目に見えない戦争の傷跡はある意味で肉体の負傷よりも悲惨なものかも知れません。
勝者も敗者も関係なく、精神のトラウマは皆共通するもの。
その中からいかにして希望を持てるか、それを考えさせる深い作品です。
序盤の終戦直後のレニングラードの様子、イーヤとパーシュカが暮らすアパートでの生活描写の解像度の高さにまず心を奪われました。しかし戦友のマーシャがアパートにやってきてからの全てのシーンに強い緊張感を感じ圧倒されていきます。耐え難い圧迫感。この二人に心の安らぐ時はいつかきてくれるのか、祈るようにみている自分がいました。
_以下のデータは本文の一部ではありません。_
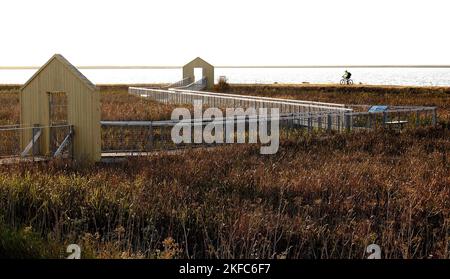 Alviso Marina County Park, Alviso, Kalifornien Stockfoto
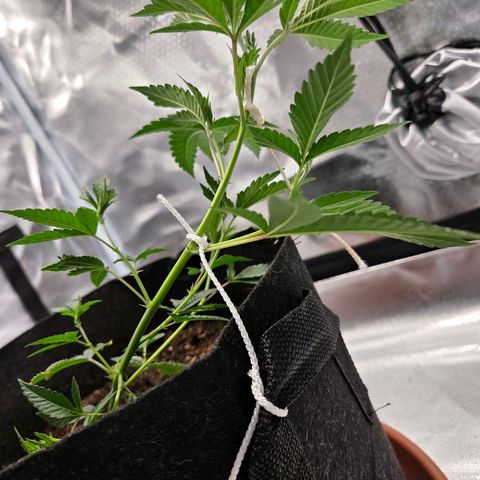 Cherry growlog timeline photo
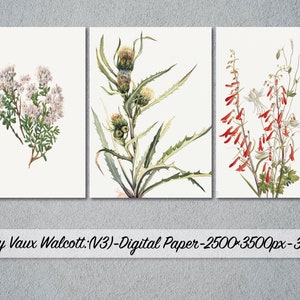 Mary Vaux Walcott, 32 Different Images, Digital Paper, instant download, mary vaux walcott paintings, western plants and flowers, vintage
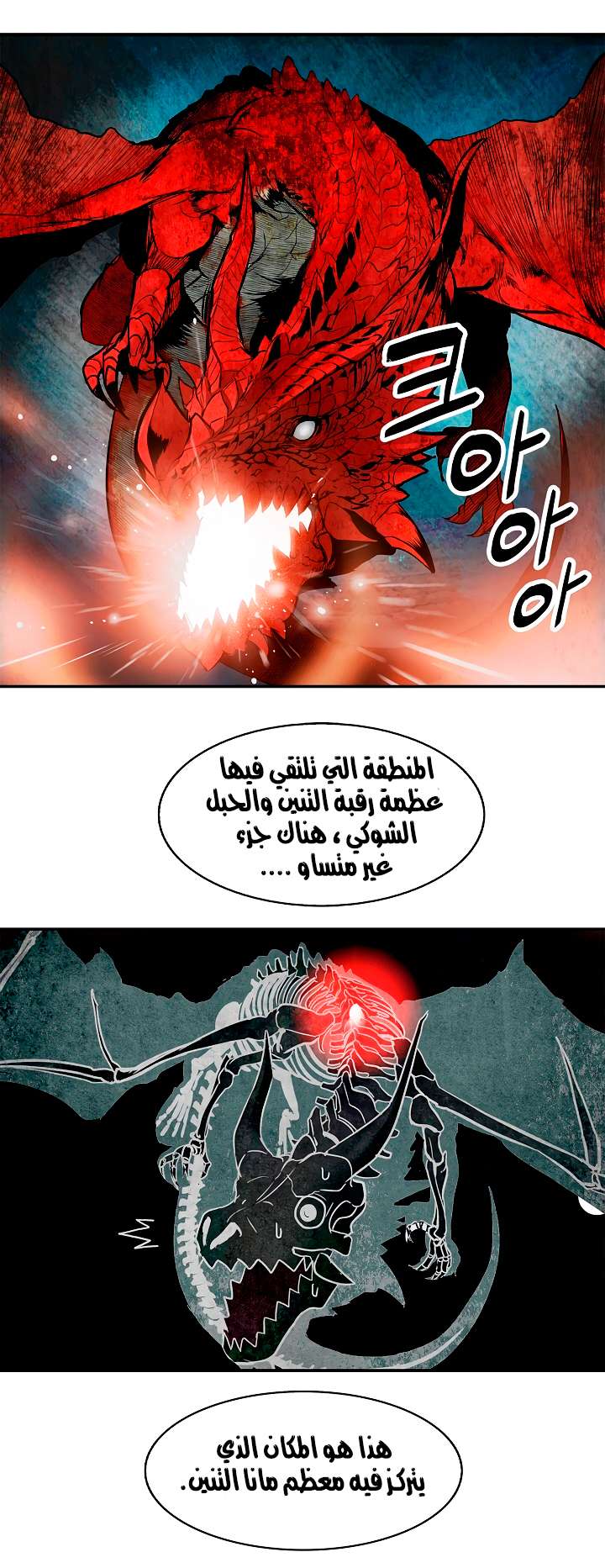 الصفحة 17
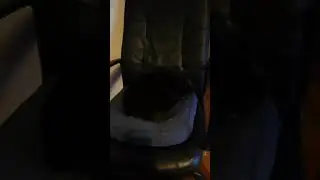 Gaming Cats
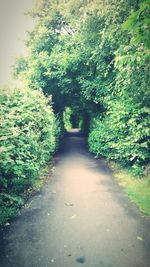 View of footpath along trees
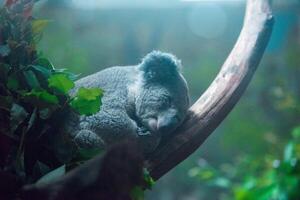 ver de un animal dormido en rama foto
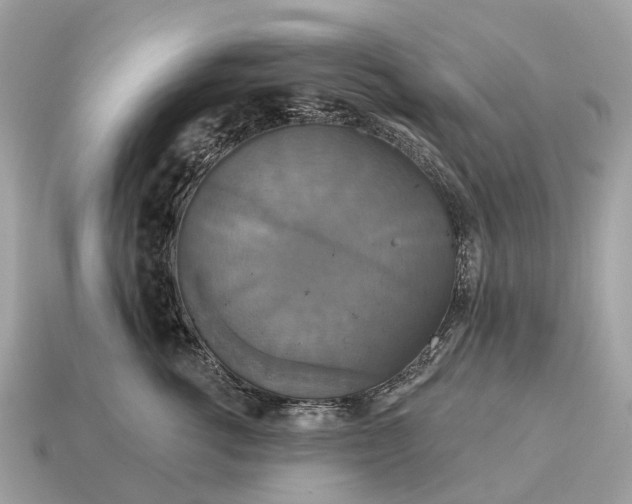 X0000115130762200911101647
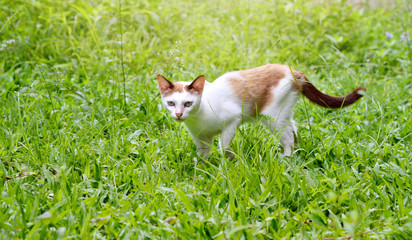 Naklejka na ściany i meble Cute siamese cat walking in green grass in the backyard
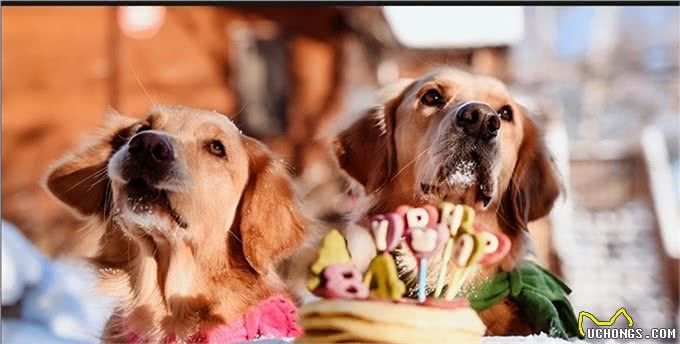 养狗久了才知道!狗狗这几个特征，说明是旺家狗，别不信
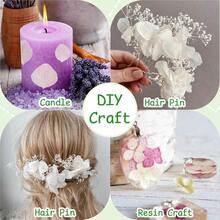 zxr 1500 pétalos de flores de hortensias blancas de marfil secas reales pétalos naturales para bodas fiestas confeti noche romántica decoración de propuestas manualidades 12 onzas125 - blanco - Ver 4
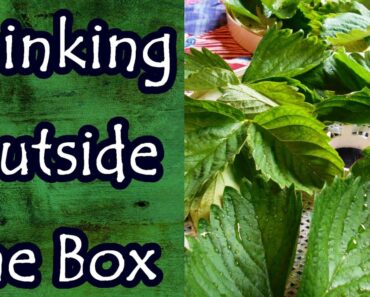 Think Outside the Box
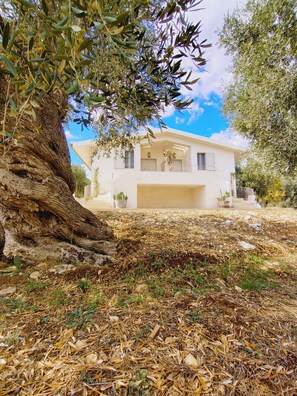 Un bâtiment à deux étages doté d’un balcon, entouré d’oliviers et d’herbes sèches.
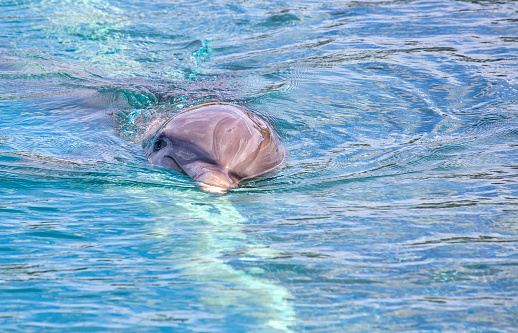 Dolphin on surface of water looking into camera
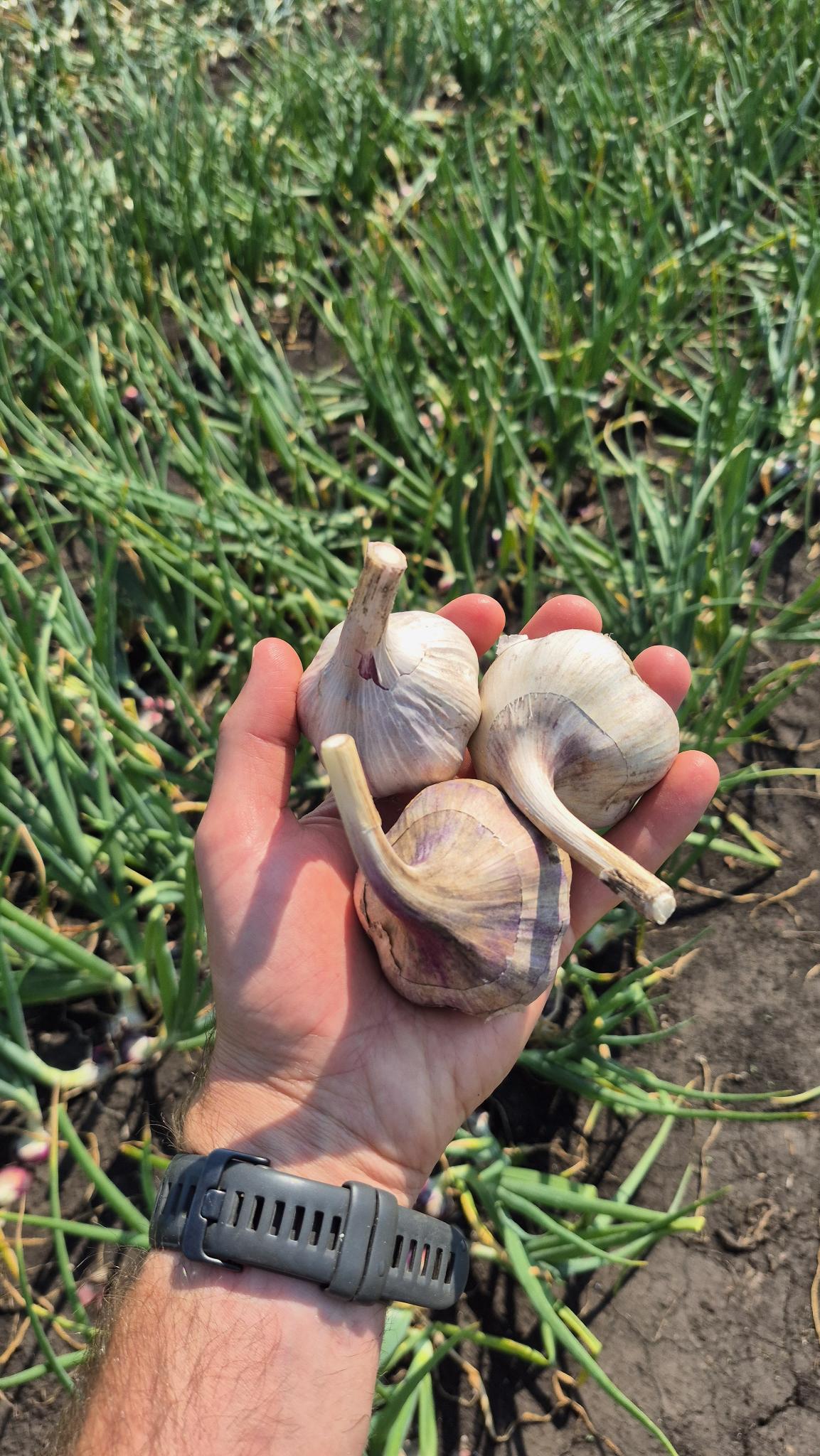 Three fresh Music garlic bulbs, just pulled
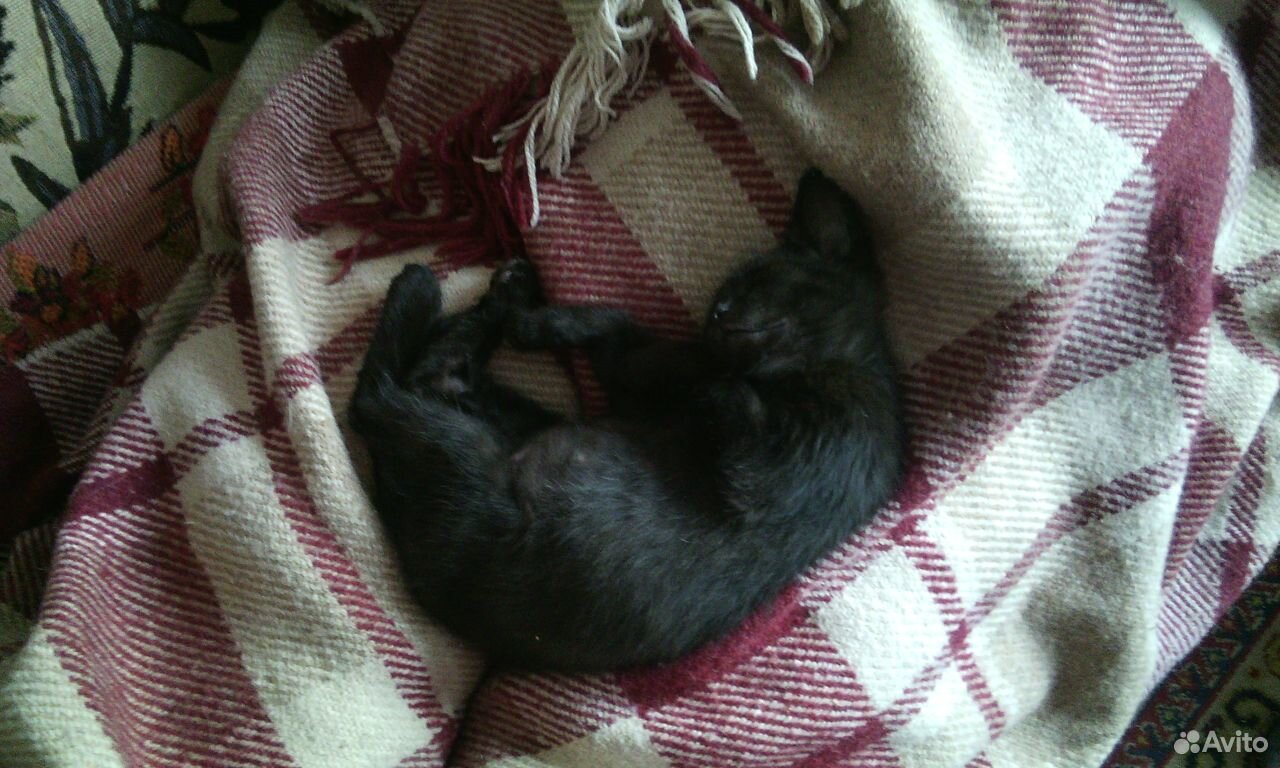 Чёрный котёнок в добрые руки купить на Зозу.ру - фотография № 2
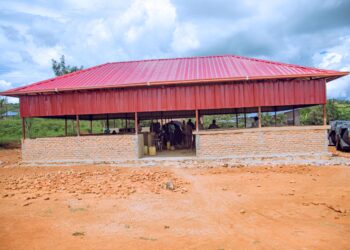 Abacururizaga hasi bananyagirwa muri Buhabwa bishimiye isoko bubakiwe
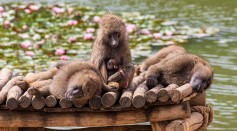  Social Conventions in Baboons Naturally Emerge Like in Humans, Study Shows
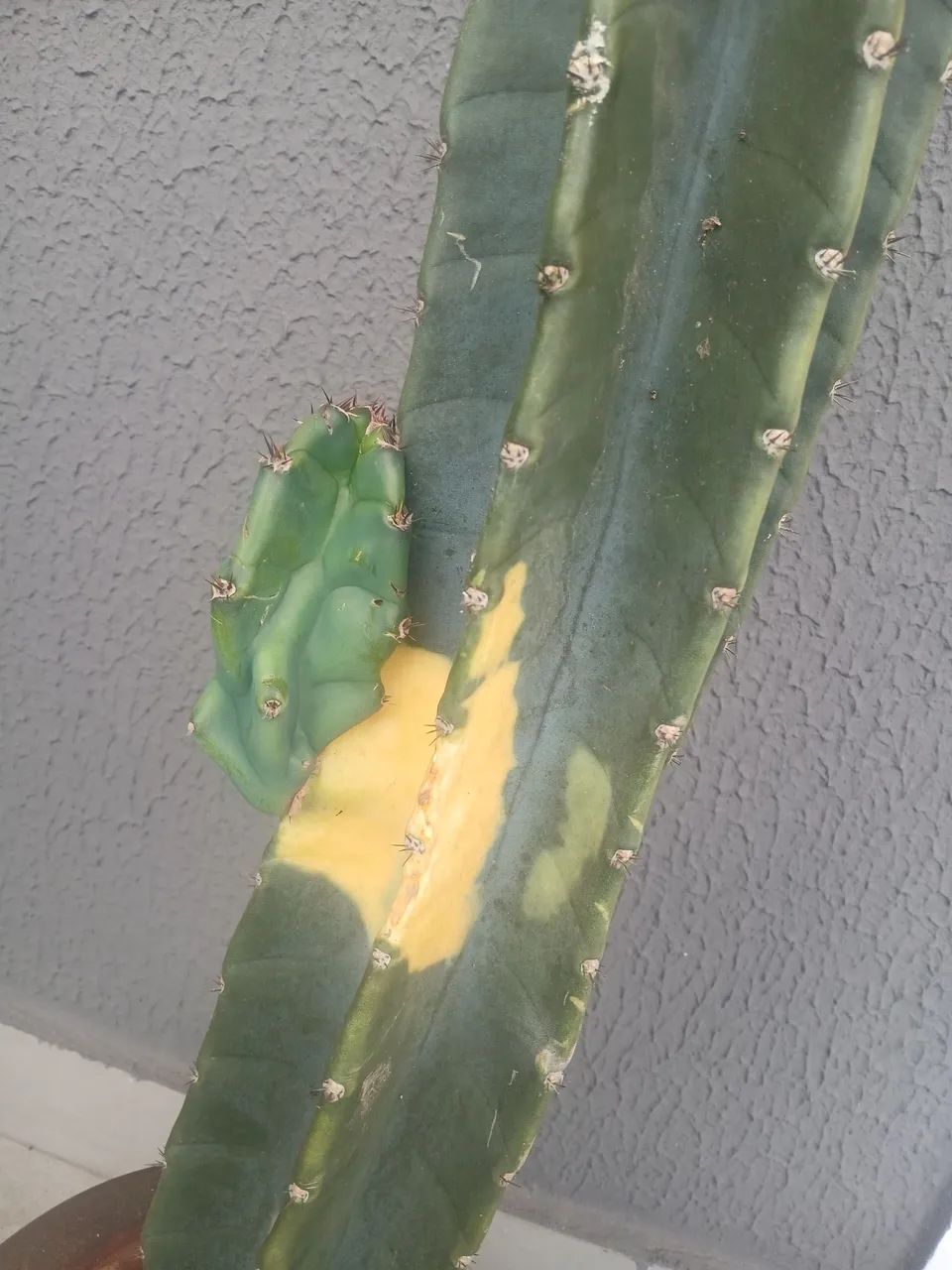 Cactos - Foto 4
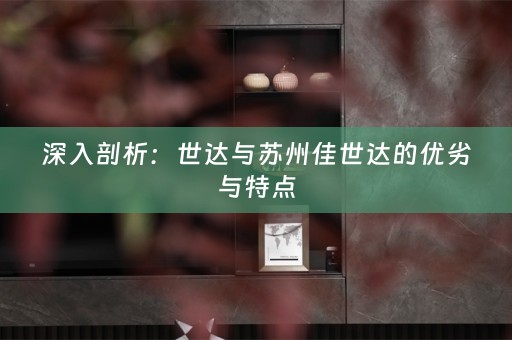 深入剖析：世达与苏州佳世达的优劣与特点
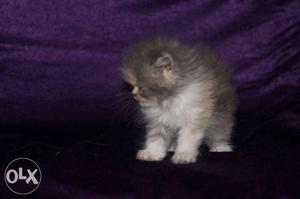 Pure breed kitten available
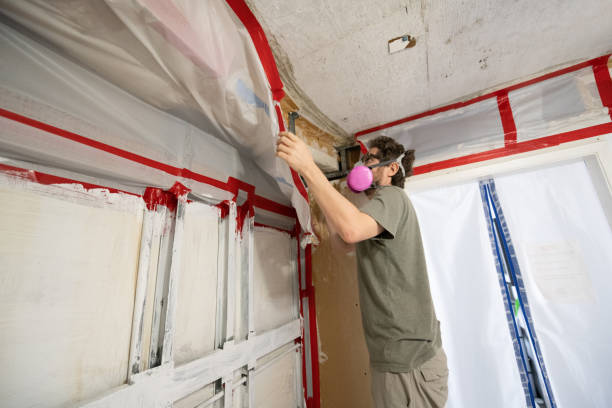 Best Attic Mold Removal  in Chester, SC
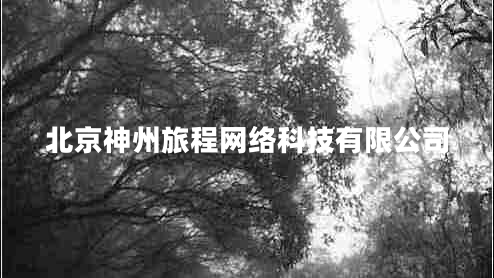 北京神州旅程網(wǎng)絡(luò )科技有限公司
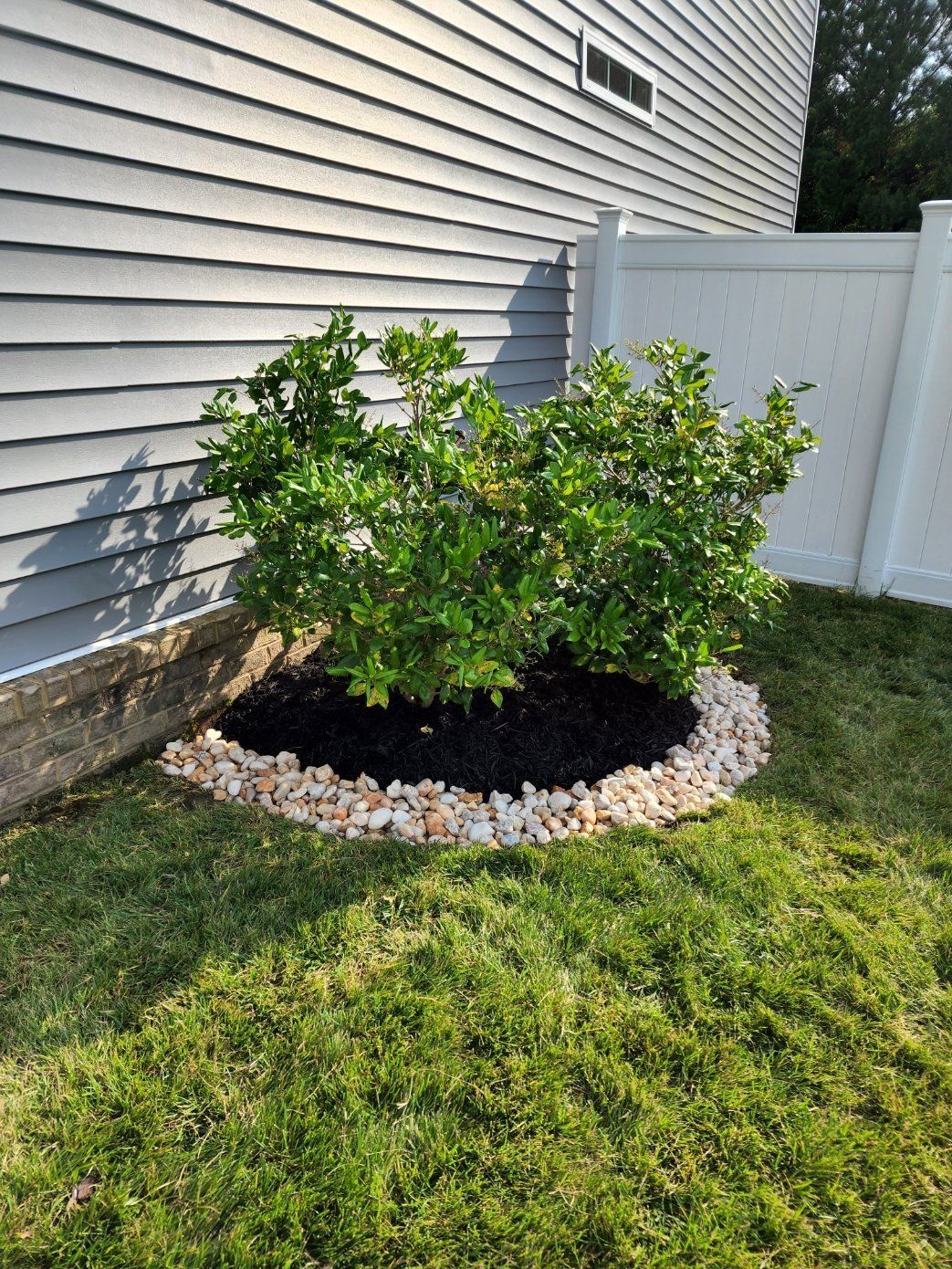 A green bush surrounded by black mulch and tan rocks, near a gray house and white fence.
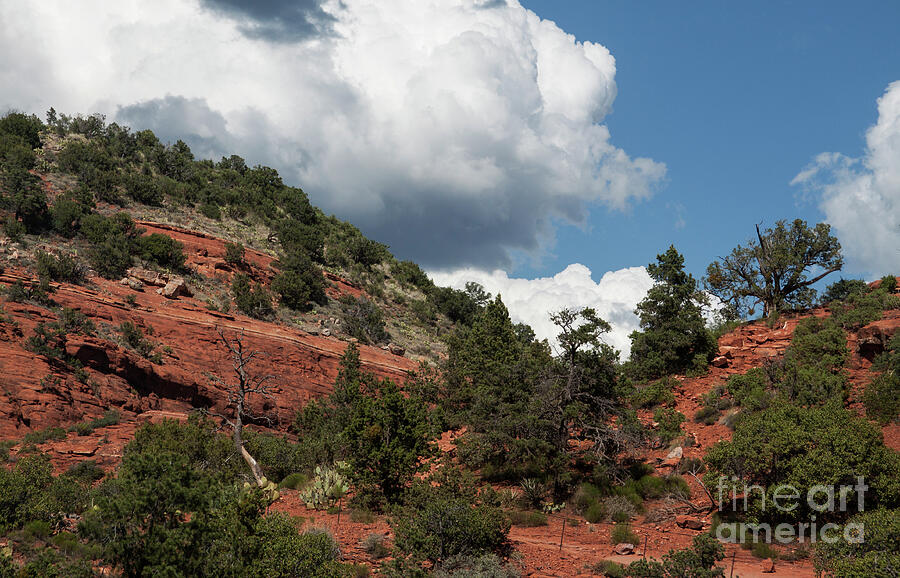 Travel in Sedona Photograph by Ruth Jolly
戦争で受けた傷や自らの罪は癒えるのか、赦されるのか。安易に答えさせてくれない映画だ。僕はそれでも生きていたほうが良いと言いたいが、どんな顔をして言えば良いのだろう。世界ではまさにこの瞬間にも傷と罪が作り出されている。
壊れた精神、歪みゆく心。
それでも「戦後」を生きる女二人。
戦闘シーンでは描けない戦争の姿を観た。
フェルメールの絵画を思わせるような美しさ! バラーゴフ監督が描きたかったのは、戦争のリアルでも生活の苦しさでもなく、トラウマを抱えた女たちのドラマである
戦争は、戦後もずっと存在している。生き残ることは、終わりのない苦難を受け入れることだ。命を抱えてもがく姿に、人間の強さと希望を感じた。
戦争は戦場だけで起きているのではない。
100人いれば100通りの苦しみや哀しみに満ちた人生が続くのだ。
それは今まさに私たちが目の当たりにしていることでもある。
予測不能な女性ふたりの振る舞いは、戦争によって奪われた感情を取り戻す闘いだ。戦争は肉体と感情を破壊する。全身全霊をかけてその修復に挑むふたりの姿が永遠に心に刻まれる。傑作。
これは戦争映画であり、トラウマを巡って結ばれうる元兵士の女ふたりによるクィア映画でもある。
女の顔に戦争の惨さが刻印され、血と生の物語が赤と緑のミザンセーヌに仮託された絵画のような照明と色彩は『燃ゆる女の肖像』も想わせる。
戦争は生死を理不尽にもてあそぶ。癒えない傷に日々苦しみながら、それでも生きる希望を探し求めるイーヤとマーシャ。
今なお同じ運命をたどる人々を思うと苦しくてたまらない。戦争は絶対悪である。